Was sich im Q2 2026 bewegt hat
Das Institut der deutschen Wirtschaft (IW) meldet für Köln einen Anstieg der Angebotsmieten um 7,9 % gegenüber dem Vorjahresquartal im Q2 2026 – der stärkste Wert unter den betrachteten Großstädten. Bundesweit konstatiert das IW rund +4 % y/y und anhaltenden Druck in Großstädten. Die Q2‑Ausgabe des IW‑Wohnindex erschien im Juli 2026. Wichtig: 7,9 % beziehen sich auf Neuangebote, nicht auf laufende Bestandsmieten. Für Rendite‑Kalkulationen ist das zentral, weil Neuvermietungen schneller reagieren als die regulierten Erhöhungen im Bestand. ([iwkoeln.de](https://www.iwkoeln.de/presse/pressemitteilungen/pekka-sagner-michael-voigtlaender-in-grossstaedten-mietangebote-seit-2022-um-bis-zu-57-prozent-eingebrochen.html?utm_source=openai))

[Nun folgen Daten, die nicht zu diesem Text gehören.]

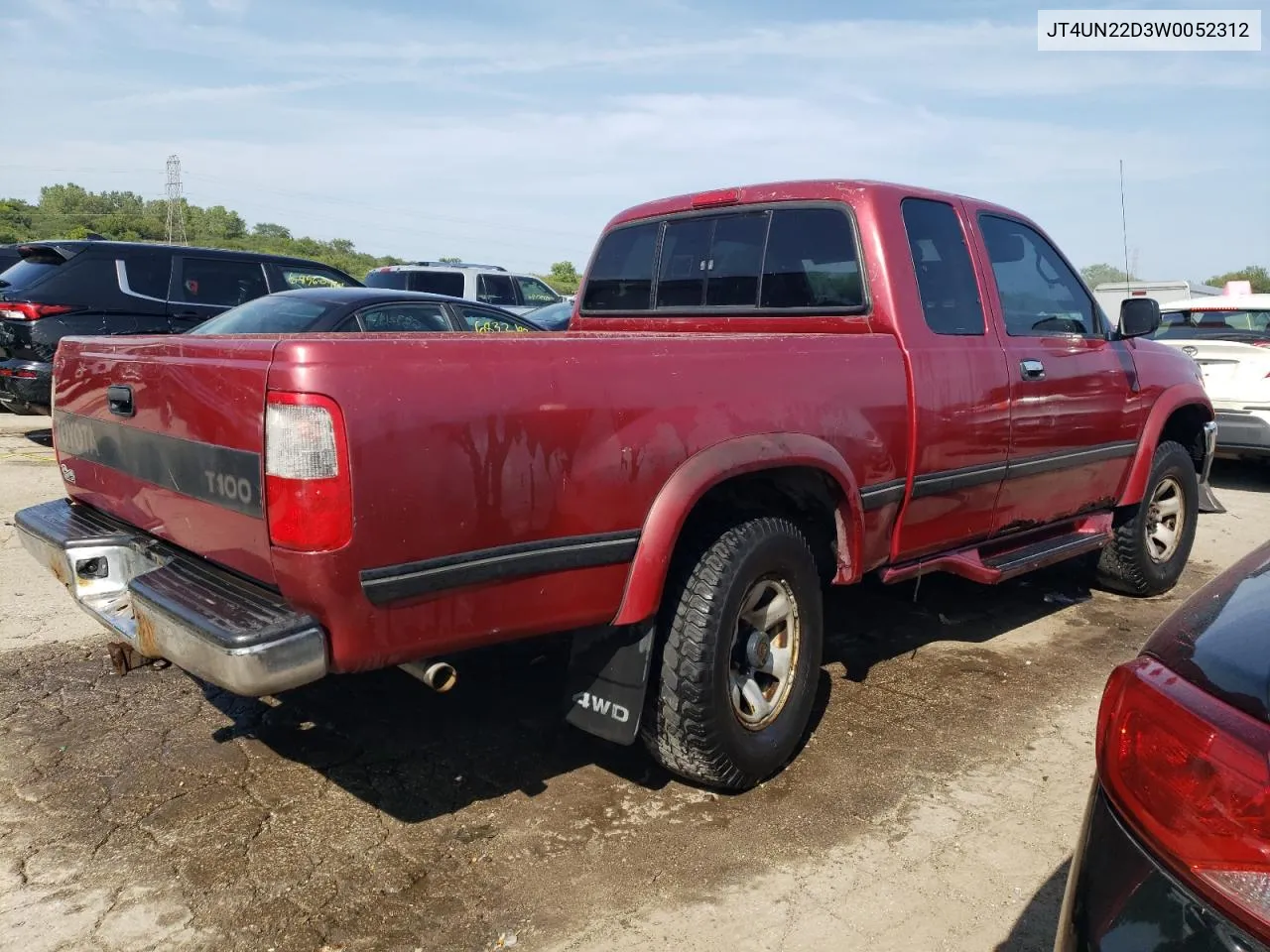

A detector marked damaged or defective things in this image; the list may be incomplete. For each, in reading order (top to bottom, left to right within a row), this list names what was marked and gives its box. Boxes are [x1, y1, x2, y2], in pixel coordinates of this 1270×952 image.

cracked pavement [2, 416, 1270, 952]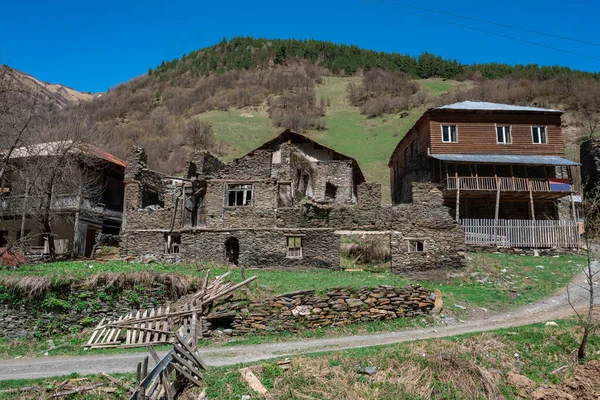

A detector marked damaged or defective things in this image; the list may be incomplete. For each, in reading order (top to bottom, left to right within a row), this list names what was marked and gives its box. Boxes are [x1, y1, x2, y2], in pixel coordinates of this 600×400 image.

broken wooden fence [84, 272, 255, 350]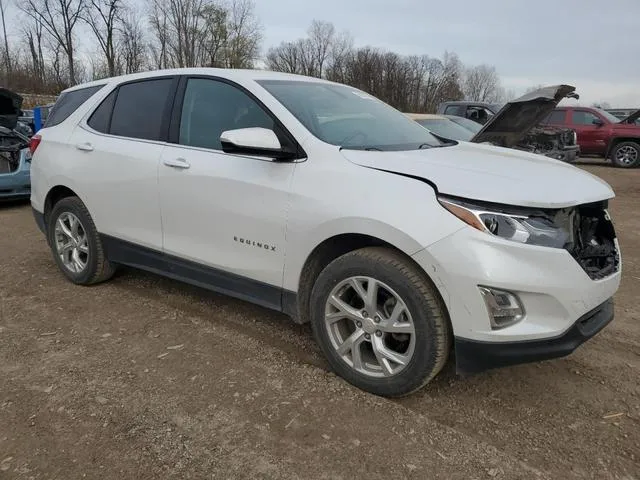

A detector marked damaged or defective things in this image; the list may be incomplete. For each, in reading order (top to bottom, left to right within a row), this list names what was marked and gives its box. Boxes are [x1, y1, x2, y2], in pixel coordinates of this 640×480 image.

red damaged vehicle [540, 106, 640, 168]
cracked headlight [438, 195, 568, 248]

Parallel stellt das IW stagnierende Kaufpreise fest (+0,8 % y/y für Eigentumswohnungen sowie Ein‑/Zweifamilienhäuser). Bei steigenden Angebotsmieten verbessert das – rechnerisch – die Bruttorendite für Neukäufe. Grundlage sind Angebots-, nicht Notariatsdaten. ([iwkoeln.de](https://www.iwkoeln.de/presse/pressemitteilungen/pekka-sagner-michael-voigtlaender-in-grossstaedten-mietangebote-seit-2022-um-bis-zu-57-prozent-eingebrochen.html?utm_source=openai))

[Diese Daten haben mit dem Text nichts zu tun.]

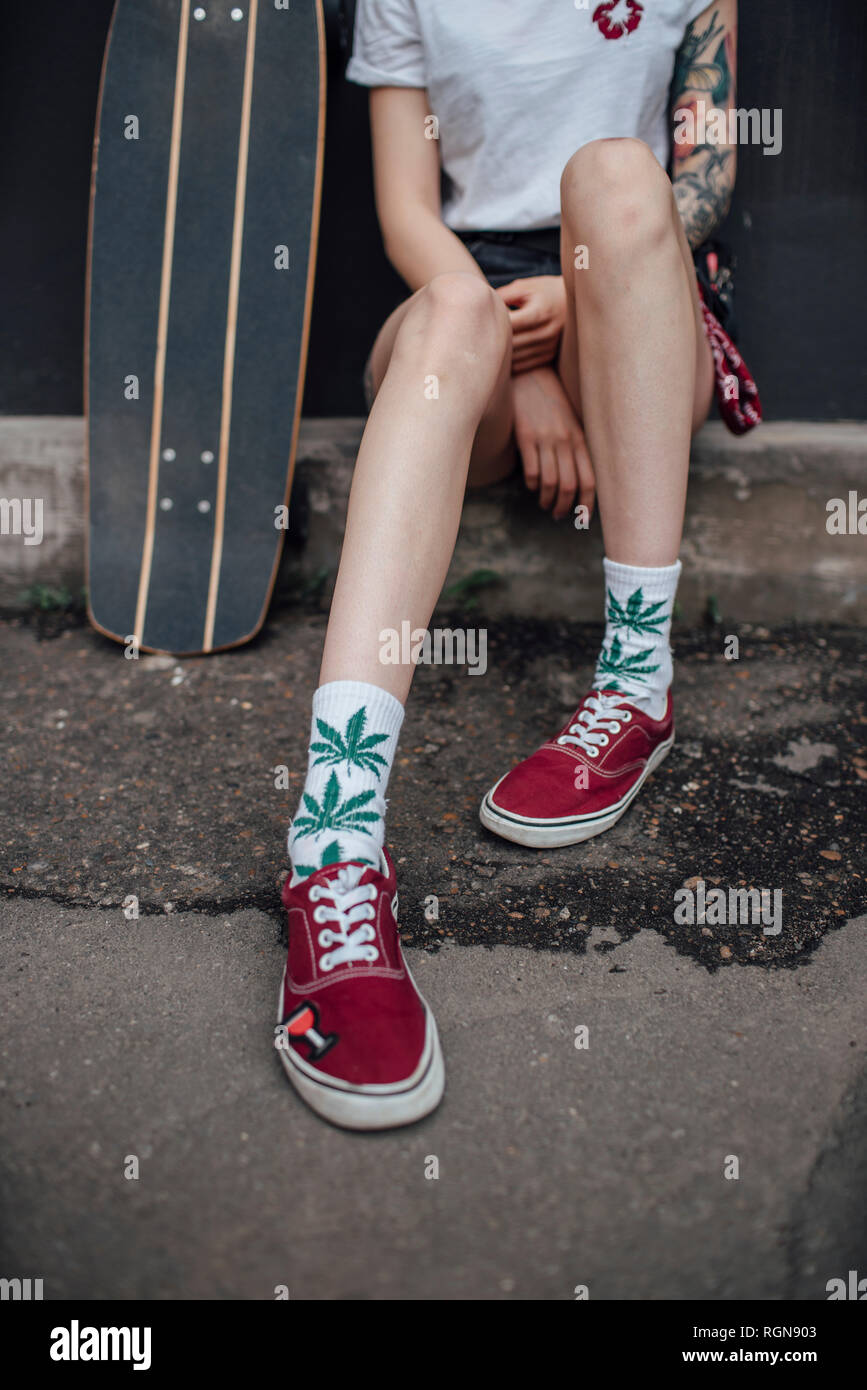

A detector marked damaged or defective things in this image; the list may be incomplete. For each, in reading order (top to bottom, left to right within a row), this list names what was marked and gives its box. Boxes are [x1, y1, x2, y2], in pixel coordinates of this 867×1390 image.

Welche Stadtteile den Durchschnitt nach oben ziehen
Das Amt für Stadtentwicklung und Statistik der Stadt Köln wertete 2025 insgesamt 12 205 Mietanzeigen aus; der stadtweite Median lag bei 14,70 €/m² nettokalt (+5 % ggü. 2024). Innerhalb Kölns variierten die Mediane stark nach Stadtteil. Neuehrenfeld im Stadtbezirk Ehrenfeld erreichte 2025 einen Median von 20,90 €/m² (338 Angebote). Niedrigere Mediane fanden sich in peripheren Lagen wie Chorweiler. Der im Q2 2026 vom IW gemeldete Schub bezieht sich auf die Gesamtstadt; plausibel ist, dass vor allem die zentralen und innerwestlichen Gürtel (Ehrenfeld/Neuehrenfeld, Lindenthal, Neustadt) den Durchschnitt nach oben ziehen, weil dort 2025 bereits überdurchschnittliche Mediane bei knapper Angebotslage zu beobachten waren. Quartalsgenaue Veränderungsraten auf Stadtteil‑Ebene für 2026 liegen von der Stadt nicht vor; die 2025er Mediane sind daher als Richtungssignal zu verstehen, nicht als exakte Q2‑Basis. ([stadt-koeln.de](https://www.stadt-koeln.de/artikel/64274/index.html))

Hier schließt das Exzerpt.